Task goal – The listing below holds a line with "Chrome plumber sculpture" and a later line with "Wildly Organic Coconut". Write out those two lines and every line between them, exactly, and nothing else.

Records for the task –
============

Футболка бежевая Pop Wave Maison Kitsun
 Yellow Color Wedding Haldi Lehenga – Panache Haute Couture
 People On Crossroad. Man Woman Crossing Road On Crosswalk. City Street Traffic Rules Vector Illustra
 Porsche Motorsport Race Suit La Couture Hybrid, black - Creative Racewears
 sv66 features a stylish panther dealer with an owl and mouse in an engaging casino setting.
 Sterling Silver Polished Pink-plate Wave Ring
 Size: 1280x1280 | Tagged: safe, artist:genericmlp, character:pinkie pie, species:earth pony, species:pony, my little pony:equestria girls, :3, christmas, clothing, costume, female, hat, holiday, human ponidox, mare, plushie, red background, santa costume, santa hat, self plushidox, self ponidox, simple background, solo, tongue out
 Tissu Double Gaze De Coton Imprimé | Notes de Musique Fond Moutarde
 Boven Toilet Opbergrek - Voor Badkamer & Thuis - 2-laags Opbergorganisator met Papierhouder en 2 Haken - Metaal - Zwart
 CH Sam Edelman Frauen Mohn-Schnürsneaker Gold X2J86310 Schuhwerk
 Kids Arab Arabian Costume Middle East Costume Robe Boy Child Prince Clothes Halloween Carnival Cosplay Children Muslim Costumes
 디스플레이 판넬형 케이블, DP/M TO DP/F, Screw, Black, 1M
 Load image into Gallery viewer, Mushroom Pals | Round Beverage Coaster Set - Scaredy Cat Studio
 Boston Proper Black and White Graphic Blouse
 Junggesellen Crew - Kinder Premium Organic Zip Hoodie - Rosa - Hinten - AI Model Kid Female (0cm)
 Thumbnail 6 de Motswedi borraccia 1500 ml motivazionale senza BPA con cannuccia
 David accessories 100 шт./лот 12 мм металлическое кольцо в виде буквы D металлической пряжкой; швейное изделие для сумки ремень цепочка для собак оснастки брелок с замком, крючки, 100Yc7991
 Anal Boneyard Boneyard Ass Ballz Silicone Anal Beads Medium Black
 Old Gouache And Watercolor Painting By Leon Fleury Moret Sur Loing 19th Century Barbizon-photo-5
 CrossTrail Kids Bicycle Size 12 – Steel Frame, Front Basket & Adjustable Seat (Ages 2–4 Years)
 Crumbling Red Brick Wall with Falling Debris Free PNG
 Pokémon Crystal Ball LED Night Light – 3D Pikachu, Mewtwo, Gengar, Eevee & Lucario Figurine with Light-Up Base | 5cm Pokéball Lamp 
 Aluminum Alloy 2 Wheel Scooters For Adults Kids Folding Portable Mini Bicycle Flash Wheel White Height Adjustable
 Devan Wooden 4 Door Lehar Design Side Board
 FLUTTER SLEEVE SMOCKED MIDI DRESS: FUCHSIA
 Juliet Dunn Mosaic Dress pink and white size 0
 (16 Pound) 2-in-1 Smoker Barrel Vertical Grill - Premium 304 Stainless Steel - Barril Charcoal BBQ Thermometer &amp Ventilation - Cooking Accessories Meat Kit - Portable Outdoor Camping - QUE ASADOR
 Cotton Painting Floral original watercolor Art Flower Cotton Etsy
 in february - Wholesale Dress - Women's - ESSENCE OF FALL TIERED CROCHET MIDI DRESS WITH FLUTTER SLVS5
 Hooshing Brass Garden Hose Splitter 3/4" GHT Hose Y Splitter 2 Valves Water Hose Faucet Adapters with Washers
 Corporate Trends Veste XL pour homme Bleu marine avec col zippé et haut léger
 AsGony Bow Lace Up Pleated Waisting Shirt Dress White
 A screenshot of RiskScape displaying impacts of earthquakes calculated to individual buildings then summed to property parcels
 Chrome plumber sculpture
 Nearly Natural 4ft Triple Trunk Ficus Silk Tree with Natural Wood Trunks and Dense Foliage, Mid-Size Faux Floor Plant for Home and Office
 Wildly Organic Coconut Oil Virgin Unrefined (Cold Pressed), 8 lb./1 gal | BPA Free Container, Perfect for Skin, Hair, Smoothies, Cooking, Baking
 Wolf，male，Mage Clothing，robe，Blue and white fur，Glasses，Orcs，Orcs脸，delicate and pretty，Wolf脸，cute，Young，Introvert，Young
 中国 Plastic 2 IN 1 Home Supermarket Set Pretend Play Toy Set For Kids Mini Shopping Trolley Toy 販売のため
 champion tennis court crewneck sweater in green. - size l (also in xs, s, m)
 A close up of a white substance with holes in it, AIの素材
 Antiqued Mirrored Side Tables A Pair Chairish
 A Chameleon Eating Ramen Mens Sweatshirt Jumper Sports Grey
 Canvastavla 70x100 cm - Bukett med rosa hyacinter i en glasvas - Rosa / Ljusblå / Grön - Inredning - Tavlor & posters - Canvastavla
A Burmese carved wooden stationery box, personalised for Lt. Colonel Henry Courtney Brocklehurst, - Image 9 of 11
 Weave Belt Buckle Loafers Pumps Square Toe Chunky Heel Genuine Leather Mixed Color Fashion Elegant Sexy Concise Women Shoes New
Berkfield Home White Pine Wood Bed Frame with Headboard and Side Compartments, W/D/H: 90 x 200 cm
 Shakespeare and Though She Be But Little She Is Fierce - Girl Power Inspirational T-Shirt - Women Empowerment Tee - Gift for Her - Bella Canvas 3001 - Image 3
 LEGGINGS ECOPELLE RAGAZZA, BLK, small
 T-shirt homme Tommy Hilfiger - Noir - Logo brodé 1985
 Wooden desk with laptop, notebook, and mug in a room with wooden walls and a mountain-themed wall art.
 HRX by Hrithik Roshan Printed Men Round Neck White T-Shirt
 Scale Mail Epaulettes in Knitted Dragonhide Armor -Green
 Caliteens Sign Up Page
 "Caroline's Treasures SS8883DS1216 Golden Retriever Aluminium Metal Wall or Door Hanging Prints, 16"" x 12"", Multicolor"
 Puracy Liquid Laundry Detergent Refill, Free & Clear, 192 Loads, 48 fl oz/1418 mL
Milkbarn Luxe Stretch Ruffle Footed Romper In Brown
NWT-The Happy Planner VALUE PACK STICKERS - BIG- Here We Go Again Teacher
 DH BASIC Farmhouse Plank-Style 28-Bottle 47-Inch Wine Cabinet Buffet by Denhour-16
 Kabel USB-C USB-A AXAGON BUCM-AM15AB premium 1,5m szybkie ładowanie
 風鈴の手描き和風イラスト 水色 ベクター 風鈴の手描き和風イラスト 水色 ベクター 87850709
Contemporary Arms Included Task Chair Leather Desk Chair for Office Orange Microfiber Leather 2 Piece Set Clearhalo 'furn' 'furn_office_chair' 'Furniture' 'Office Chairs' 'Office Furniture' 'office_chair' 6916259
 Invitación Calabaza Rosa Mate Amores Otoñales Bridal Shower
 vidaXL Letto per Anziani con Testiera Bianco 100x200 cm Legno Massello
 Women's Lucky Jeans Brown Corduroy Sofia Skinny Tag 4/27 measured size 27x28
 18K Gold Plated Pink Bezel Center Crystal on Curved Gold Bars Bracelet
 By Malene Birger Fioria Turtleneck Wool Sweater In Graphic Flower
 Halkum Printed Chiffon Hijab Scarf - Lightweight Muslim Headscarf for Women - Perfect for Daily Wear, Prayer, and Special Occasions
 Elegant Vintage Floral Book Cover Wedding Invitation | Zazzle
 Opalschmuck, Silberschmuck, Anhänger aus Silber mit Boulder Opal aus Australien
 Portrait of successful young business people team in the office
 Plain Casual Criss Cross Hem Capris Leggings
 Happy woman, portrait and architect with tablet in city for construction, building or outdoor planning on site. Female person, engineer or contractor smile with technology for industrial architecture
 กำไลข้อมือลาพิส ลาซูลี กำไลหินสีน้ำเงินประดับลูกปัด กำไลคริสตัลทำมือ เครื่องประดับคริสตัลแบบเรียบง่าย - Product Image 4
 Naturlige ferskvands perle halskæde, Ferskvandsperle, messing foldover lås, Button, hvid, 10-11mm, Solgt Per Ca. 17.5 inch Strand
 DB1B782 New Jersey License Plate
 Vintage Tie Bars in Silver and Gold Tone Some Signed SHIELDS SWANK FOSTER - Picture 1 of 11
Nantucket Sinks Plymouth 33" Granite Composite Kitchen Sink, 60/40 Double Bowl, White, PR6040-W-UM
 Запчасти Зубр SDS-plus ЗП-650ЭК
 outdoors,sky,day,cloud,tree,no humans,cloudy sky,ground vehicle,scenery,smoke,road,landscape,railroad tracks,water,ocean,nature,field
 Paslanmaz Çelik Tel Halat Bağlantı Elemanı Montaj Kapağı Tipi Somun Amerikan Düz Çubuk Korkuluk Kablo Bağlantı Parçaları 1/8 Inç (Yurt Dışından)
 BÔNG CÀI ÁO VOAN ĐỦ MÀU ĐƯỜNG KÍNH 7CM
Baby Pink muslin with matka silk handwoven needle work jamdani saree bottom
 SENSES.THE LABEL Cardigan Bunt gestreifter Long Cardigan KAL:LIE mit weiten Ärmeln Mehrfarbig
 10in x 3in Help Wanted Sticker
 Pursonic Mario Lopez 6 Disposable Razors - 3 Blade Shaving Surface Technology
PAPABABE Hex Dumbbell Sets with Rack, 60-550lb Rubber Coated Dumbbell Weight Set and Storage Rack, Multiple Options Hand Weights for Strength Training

============

Answer area –
 Chrome plumber sculpture
 Nearly Natural 4ft Triple Trunk Ficus Silk Tree with Natural Wood Trunks and Dense Foliage, Mid-Size Faux Floor Plant for Home and Office
 Wildly Organic Coconut Oil Virgin Unrefined (Cold Pressed), 8 lb./1 gal | BPA Free Container, Perfect for Skin, Hair, Smoothies, Cooking, Baking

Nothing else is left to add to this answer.